Voici quelques exemples:
Pour ce qui est de ceux qui sont en haut des leaderboards, les plus rapides d'entre tous, ils ne sont pas forcément des exemples à suivre pour être un bon développeur. Ce sont des gens qui passent leur temps à résoudre ce genre de problème, qui s'éloignent par leur réponse de l'ingénierie logicielle en produisant des codes courts en prenant des raccourcis et en produisant du code pas forcément maintenable qui ne finirait jamais en production. Être un bon développeur et un développeur rapide sont deux choses tout à fait différentes.
Les problématiques
- Arrêter de prioriser les choses.
- Demander de l'aide autour de soi.
- Ecrire de la meilleure documentation tous les ans, pour ne pas être perdu quand il revient dessus à chaque milieu d'année.
- Avoir une super communauté qui l'aide.
- Automatiser des taches et faire des helpers.
- Attaque Denial of Service: AWS à des tools pour se protéger heureusement.
Accessibilité
- Prendre les feedbacks sur l'accessibilité sérieusement.
- Suivre les WCAG AAA guidelines.
- Tester avec les outils d'assistances.
FAQ
- Pourquoi à cette heure là ? Parce que c'est l'heure à laquelle il est disponible et réveillé pour surveiller que les serveurs tiennent la route. Faire autrement ne serait pas viable pour son rythme de travail / vie de famille.

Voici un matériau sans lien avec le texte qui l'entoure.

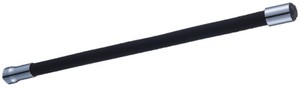 Излив для кухни ГИБКИЙ POTATO P68-1L 49см Черный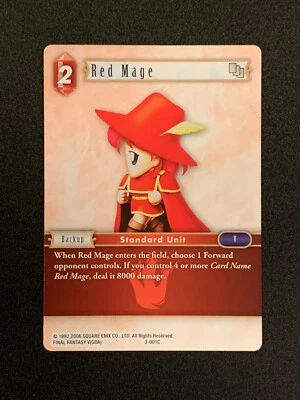 Red Mage 3-001C - Common - Opus 3 - Final Fantasy TCG - Image 1 of 3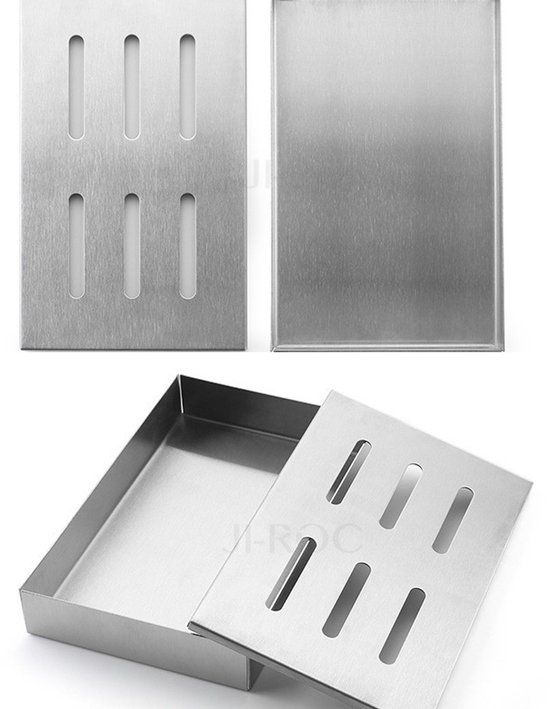 Grillbesteck-set – Räucherbox Aus Edelstahl, Räucherbox Für Speck Aus Dickem Stahlblech Für Den Grill Im Freien
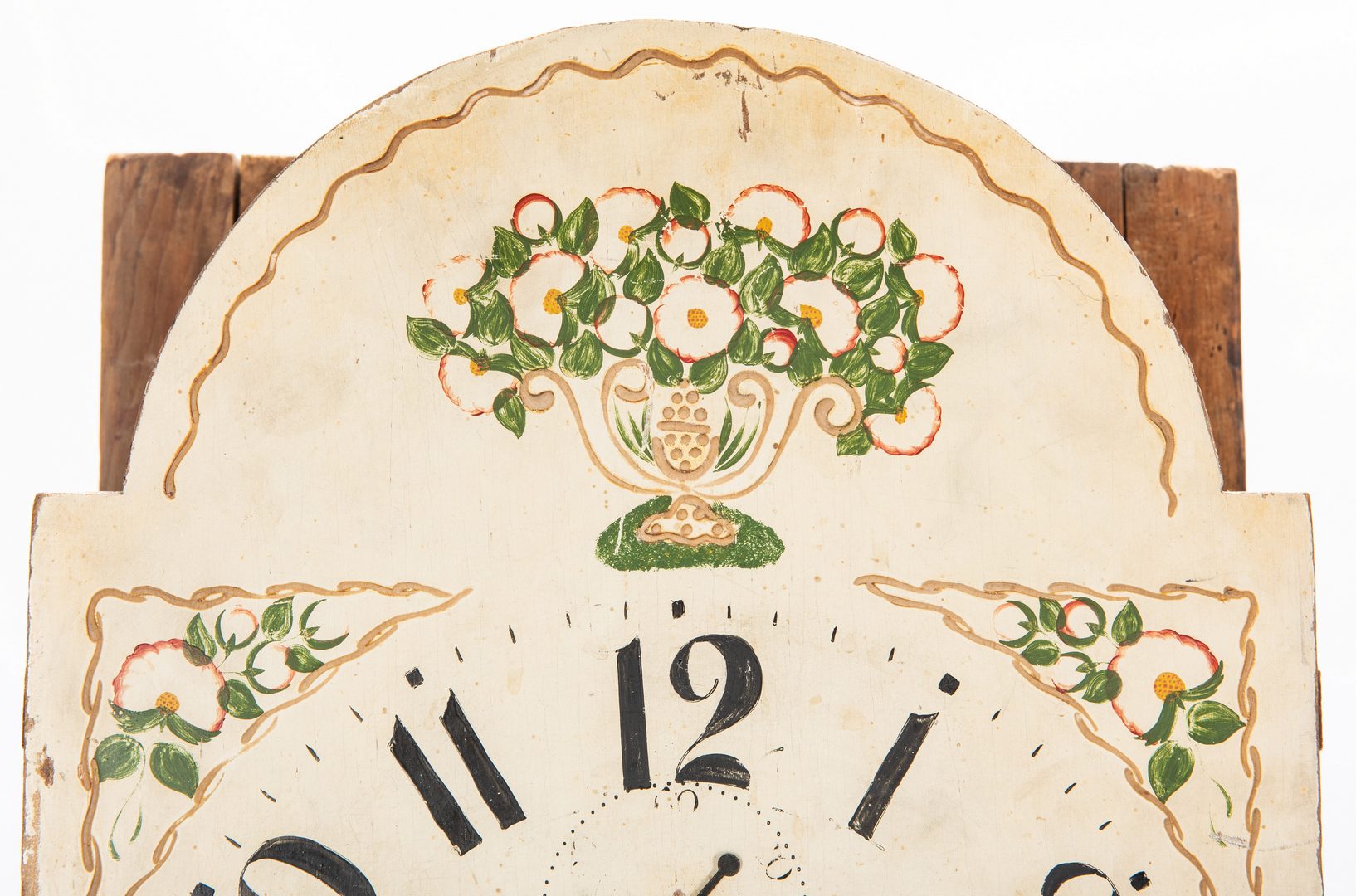 Lot 612: Federal Grain-painted Tall Case Clock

- Quel temps pour faire 25 puzzles ? Au moins tous les soirs pendant 2 à 4 mois, mais ça varie chaque année selon les puzzles. Ce à quoi se rajoute des moments d'organisation / écriture des histoires.
- Peut on envoyer des idées de puzzles? Il ne les lit pas, principalement pour ne pas avoir de soucis de droit d'auteur. De toute façon, il a déjà largement assez idées de côté chaque année.
- Comment certains font aussi vite ? Est-ce qu'ils trichent ? Non, ils sont juste extrêmement rapide. Ils ne lisent pas le puzzle, juste les keywords / les questions et codent en même temps. Certains enregistrent leurs écrans, si vous voulez vérifier, c'est assez impresionnant.
Anecdotes qui le pousse à continuer
- Une mère est étonné de voir son ado se lever pour faire ça, et vient sur redit pour comprendre ce qu'il va dire plus tard.
- J'ai eu un job grâce à AoC 2016
- Ma famille s'intéresse au code grâce à AoC
- Certains professeurs d'université s'en servent comme exercices de partiel.
Conclusion:
Les ingénieurs devraient résoudre des puzzles pour le plaisir. Rectification: TOUT LE MONDE devrait résoudre des puzzles pour le plaisir.